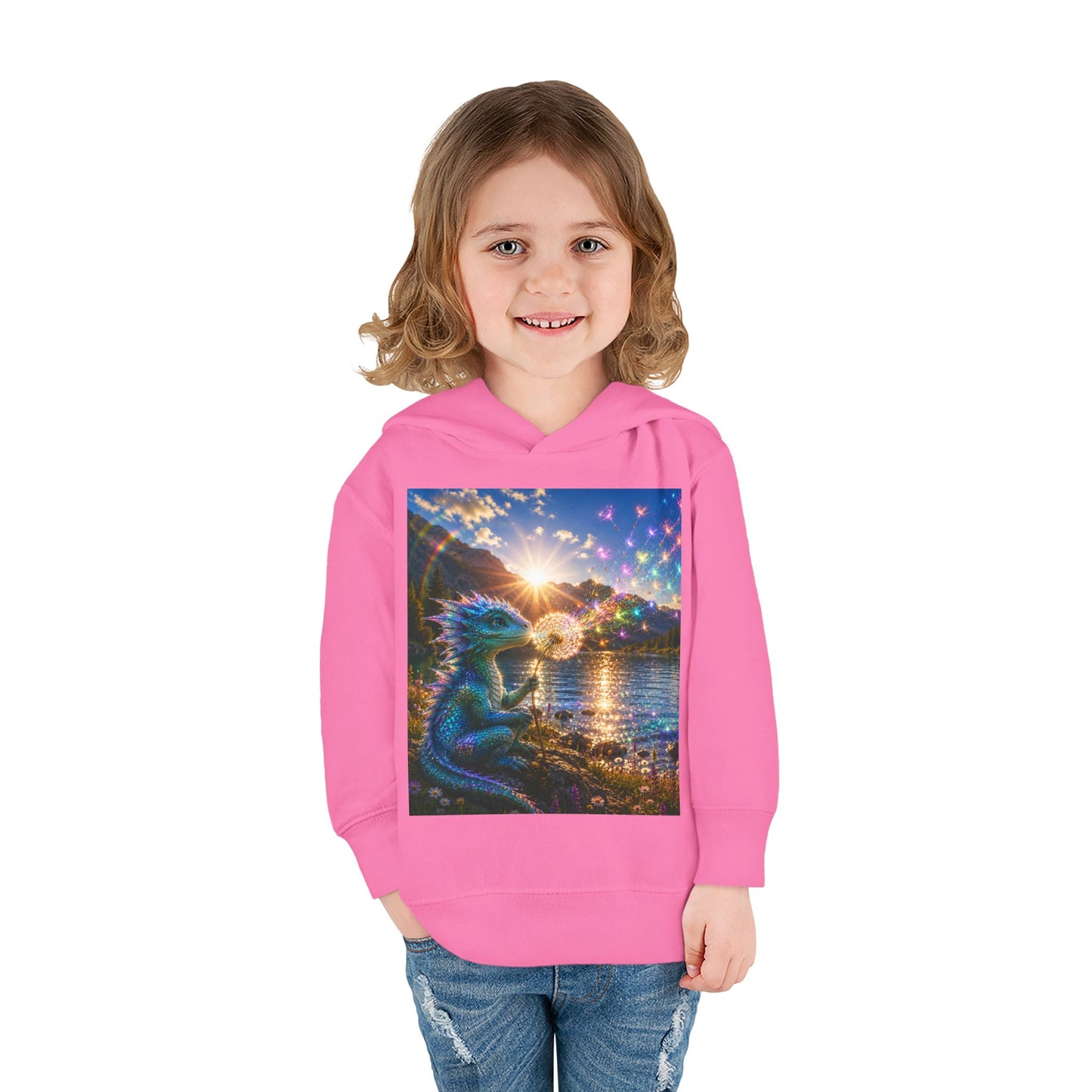 The Rainbow Seed Dragon — Child’s Magical Adventure Hoodie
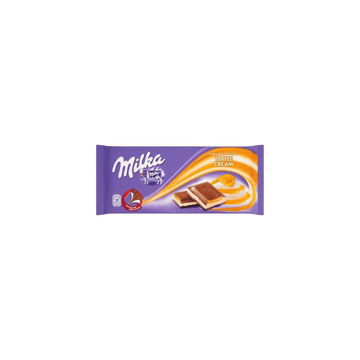 MILKA TOFFEE CREAM 100gr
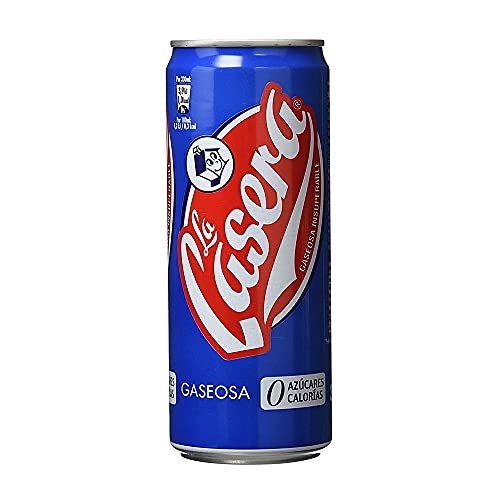 Pack 24 uds. La Casera Gaseosa Cero Calorías Lata - 330 ml.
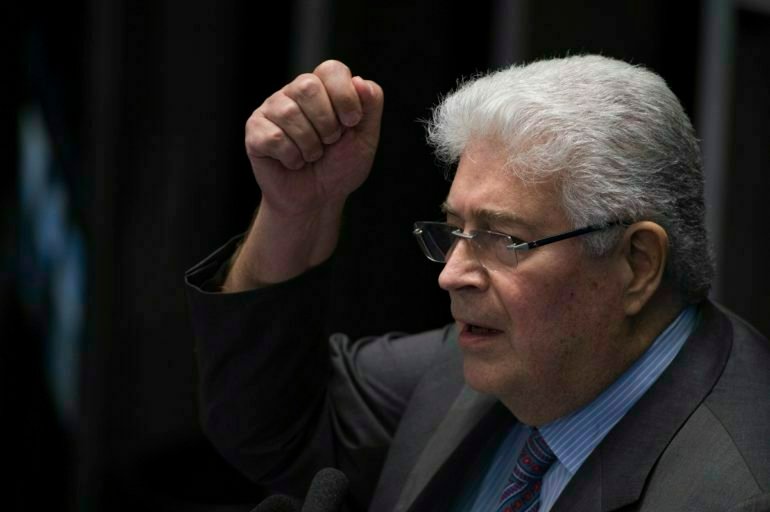 Ex-senador Roberto Requião sai do MDB: “Partido bolsonarista e racista”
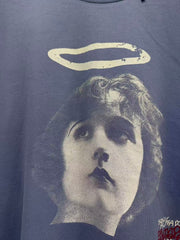 Play Hollywood Halo Portrait Print Tee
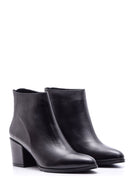 Women's Heeled Leather Boots | Derimod Women's Heeled Leather Boots | Derimod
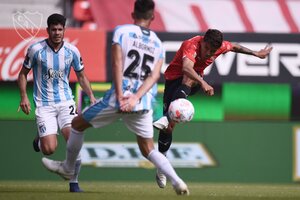 Copa Liga Profesional: Atlético Tucumán se impuso 1 a 0 ante Independiente (Fuente: Twitter Independiente)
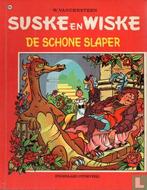 Suske en Wiske - De schone slaper - 1968, Boeken, Stripverhalen, Eén stripboek, Verzenden, Zo goed als nieuw, Vandersteen, Willy.
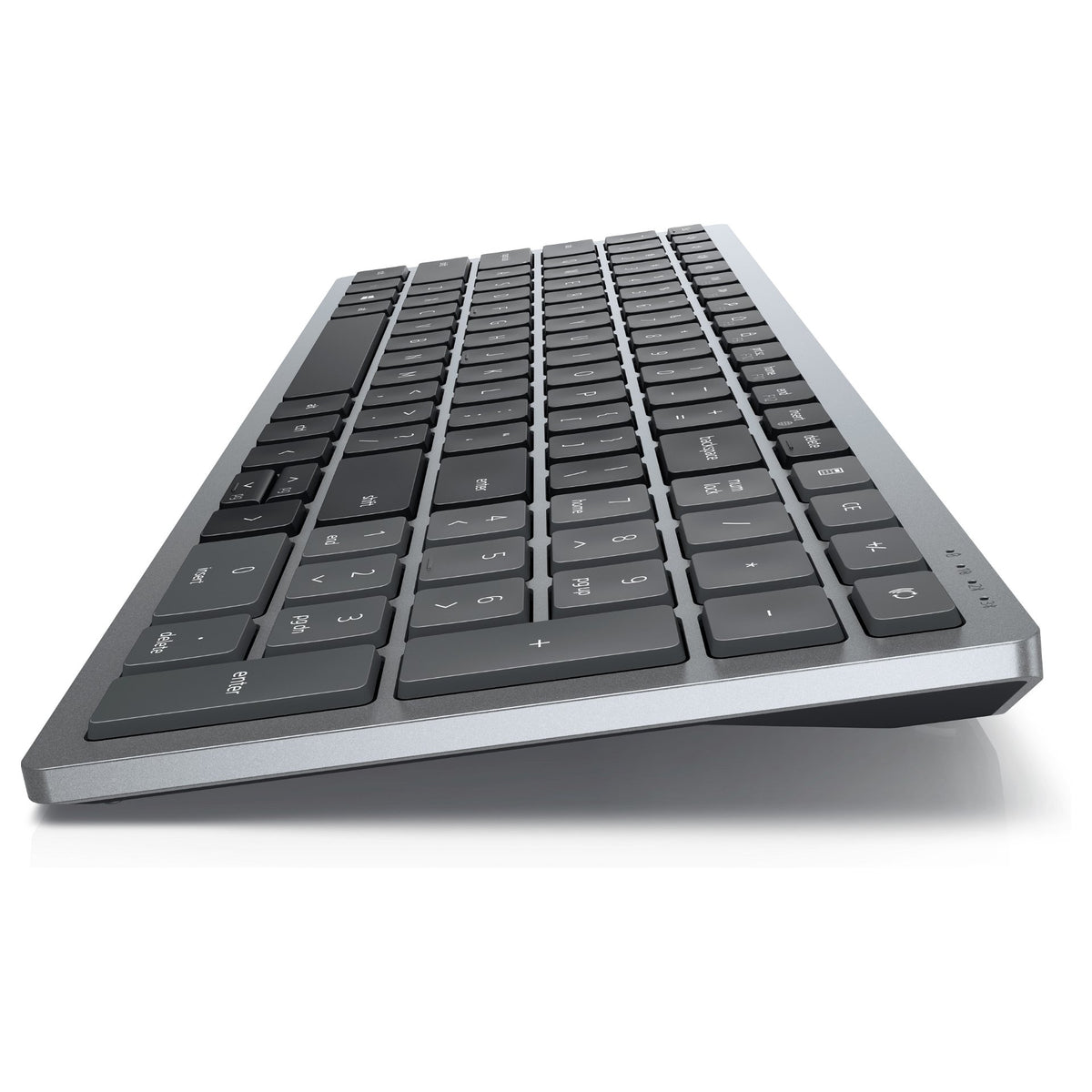 DELL KB740 Tastatur kabellos 2.4 GHz QWERTZ Titan Gray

**PROBLEM TO WORK ON**. Output exactly the lines from the line with "Suske en Wiske" to the last line of the records, including both, and leave every picture out.

**TASK OUTPUT**.
 Suske en Wiske - De schone slaper - 1968, Boeken, Stripverhalen, Eén stripboek, Verzenden, Zo goed als nieuw, Vandersteen, Willy.
 DELL KB740 Tastatur kabellos 2.4 GHz QWERTZ Titan Gray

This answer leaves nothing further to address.